- _Extracted entries_:

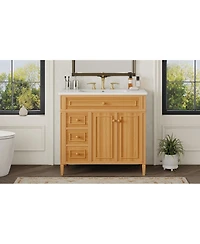 Busdays 36" Solid Wood Bathroom Vanity with Sink, 3 Drawers and 2 Soft-Close Doors, Rubber Wood Handles, Mdf Construction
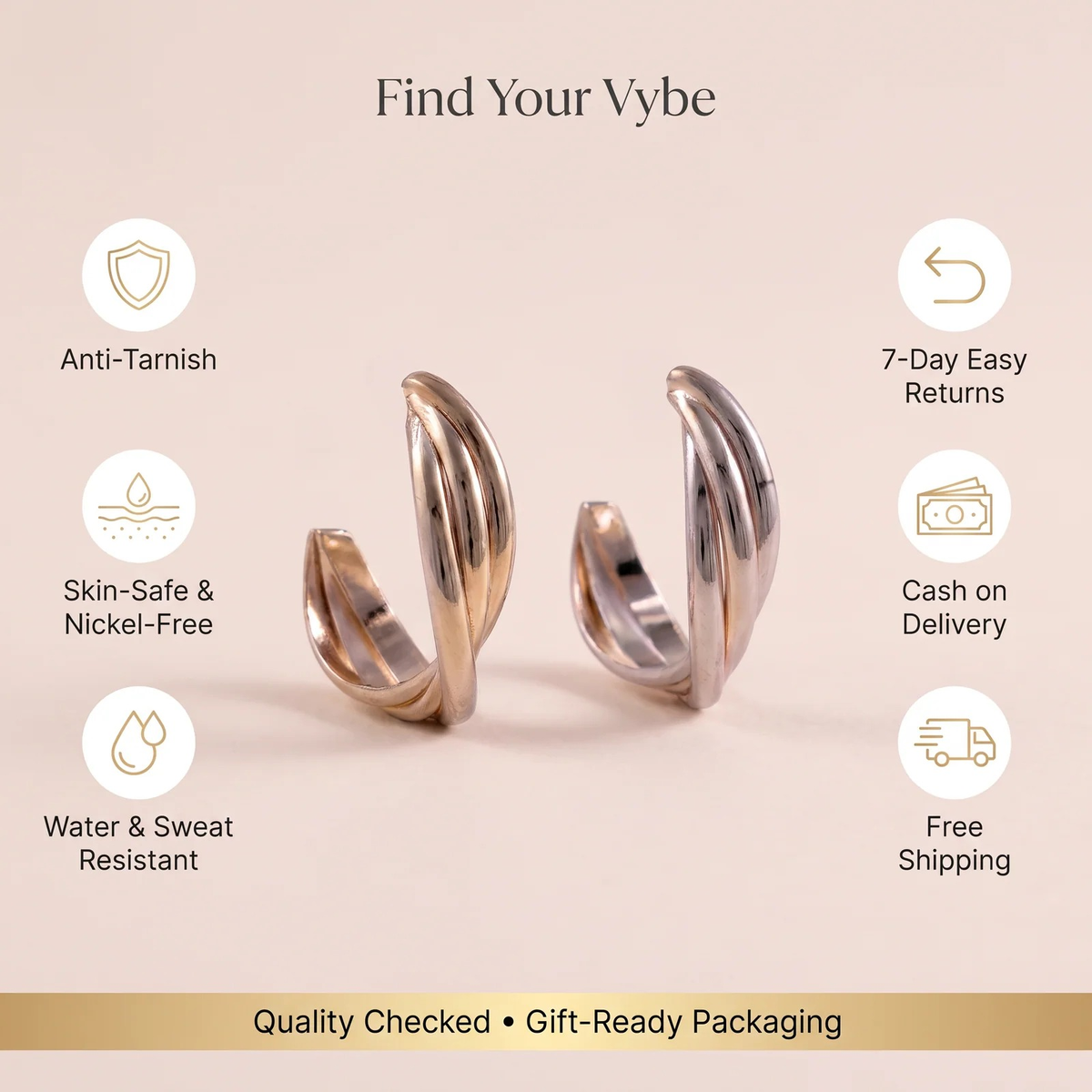 Features and promises: Two-Tone Ribbed Hoop Earrings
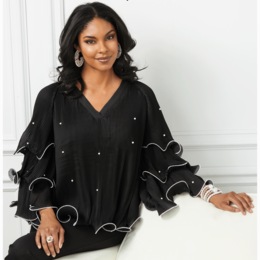 Mia Ruffled Blouse, , large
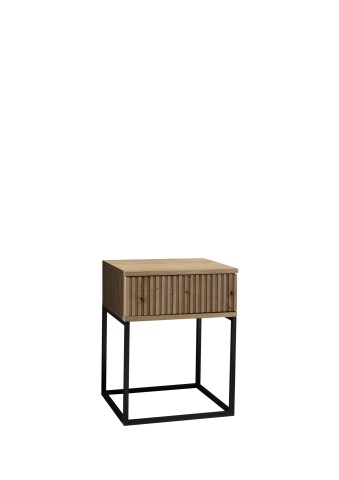 MARLE Nachttisch in Artisan Eiche Optik - Moderner Nachtschrank mit Schublade und schwarzem Metallgestell - 40 x 52 x 38,5 cm (B/H/T)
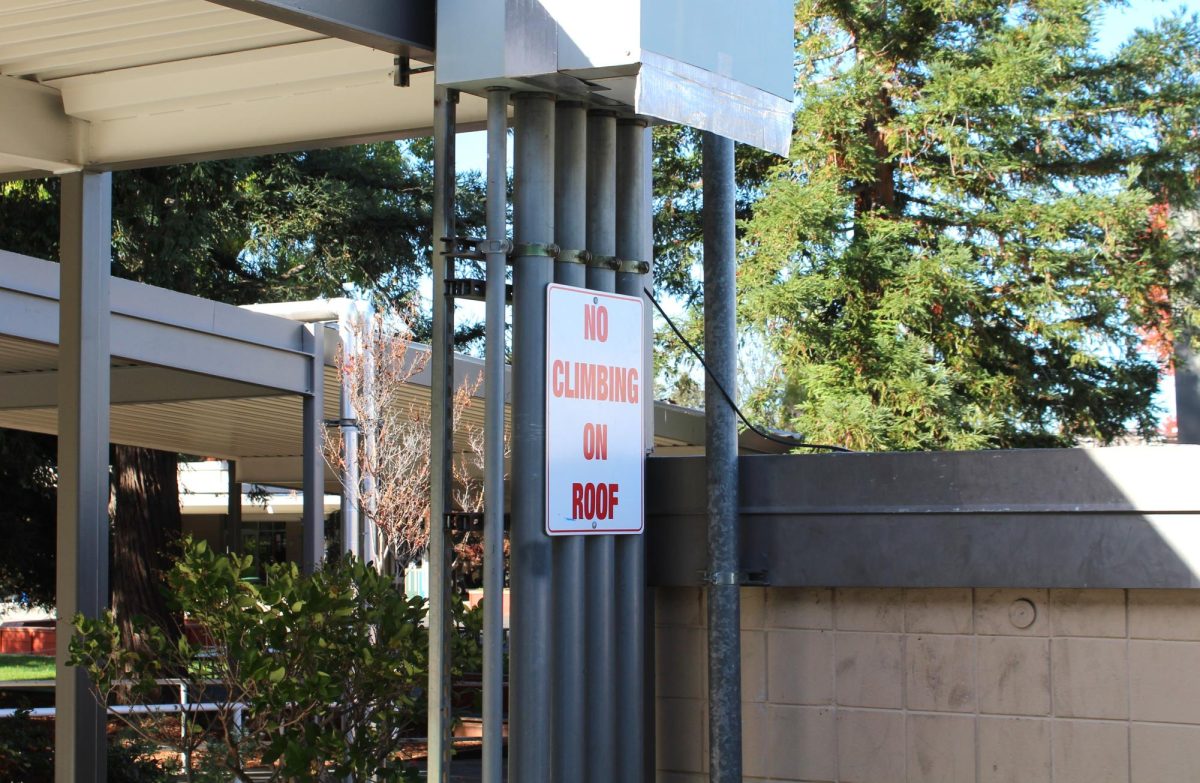 The“No climbing on roof” sign warns students near the library.
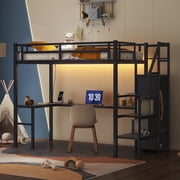 Twin XL Size Loft Bed with Desk and Stairs, Metal Loft Bed Frame with Wardrobe and USB Charging Station, High Loft Bed with LED Light for Teens Adults-Black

- _Exercise goal_:
Apart from its pictures, the material above should be repeated exactly.

- _Response_:
 Busdays 36" Solid Wood Bathroom Vanity with Sink, 3 Drawers and 2 Soft-Close Doors, Rubber Wood Handles, Mdf Construction
 Features and promises: Two-Tone Ribbed Hoop Earrings
 Mia Ruffled Blouse, , large
 MARLE Nachttisch in Artisan Eiche Optik - Moderner Nachtschrank mit Schublade und schwarzem Metallgestell - 40 x 52 x 38,5 cm (B/H/T)
 The“No climbing on roof” sign warns students near the library.
 Twin XL Size Loft Bed with Desk and Stairs, Metal Loft Bed Frame with Wardrobe and USB Charging Station, High Loft Bed with LED Light for Teens Adults-Black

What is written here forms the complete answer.